A heavy silence fell.

She thought of her life—the routines, the plans she had made because they felt safe. The way she had learned to accept emptiness as normal. Manageable.

Loving him had undone all of that.

“I don’t want this to ruin my real life,” she said, her voice breaking. “But I don’t want to lose you either.”

“I know,” he said softly. “That’s the cruel part.”

The room flickered.

For the first time, she felt the dream destabilize not from fear—but from truth.

“I wish we had met normally,” she whispered. “In a café. Or on a train. Anywhere that didn’t feel impossible.”
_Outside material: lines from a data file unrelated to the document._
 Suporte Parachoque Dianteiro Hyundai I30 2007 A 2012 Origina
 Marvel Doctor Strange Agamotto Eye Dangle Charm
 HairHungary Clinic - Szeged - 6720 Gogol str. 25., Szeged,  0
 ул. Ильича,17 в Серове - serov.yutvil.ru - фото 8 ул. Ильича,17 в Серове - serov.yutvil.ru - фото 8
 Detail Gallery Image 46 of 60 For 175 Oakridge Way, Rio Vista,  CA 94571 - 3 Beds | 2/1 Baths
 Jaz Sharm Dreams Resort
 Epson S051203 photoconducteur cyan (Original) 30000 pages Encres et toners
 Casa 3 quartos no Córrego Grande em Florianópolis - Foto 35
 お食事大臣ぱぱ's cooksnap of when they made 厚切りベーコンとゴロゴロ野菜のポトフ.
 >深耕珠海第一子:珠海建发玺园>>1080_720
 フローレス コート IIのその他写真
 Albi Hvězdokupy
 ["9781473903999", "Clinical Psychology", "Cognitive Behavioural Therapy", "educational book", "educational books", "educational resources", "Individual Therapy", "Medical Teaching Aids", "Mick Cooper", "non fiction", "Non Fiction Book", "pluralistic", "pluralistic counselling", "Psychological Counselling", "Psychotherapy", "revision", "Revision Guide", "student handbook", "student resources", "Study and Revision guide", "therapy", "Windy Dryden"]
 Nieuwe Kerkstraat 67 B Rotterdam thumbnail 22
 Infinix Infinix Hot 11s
He smiled faintly. “Maybe we did. Maybe we just didn’t recognize each other.”

That thought lingered—unsettling, hopeful, unbearable.

The room began to blur at the edges.

“I think we’re running out of time,” he said.

“Until what?”

“Until one of us wakes up and chooses not to come back.”

Her chest tightened painfully. “Would you do that?”

He didn’t answer immediately.

When he did, his voice was honest. “I don’t know.”

The dream began to pull her away.

She reached for him instinctively, grabbing his sleeve. It felt solid. Real.

“Promise me something,” she said quickly.

“What?”

“If we stop dreaming… don’t convince yourself this didn’t matter.”

His eyes softened. “I won’t.”

She woke up slowly, tears already slipping down her temples.

The room around her was silent.

But the loneliness was louder than ever.

For the first time, she understood the truth she had been avoiding:

Some loves don’t ask if they’re possible.

They simply arrive.

And then they ask what you’re willing to lose.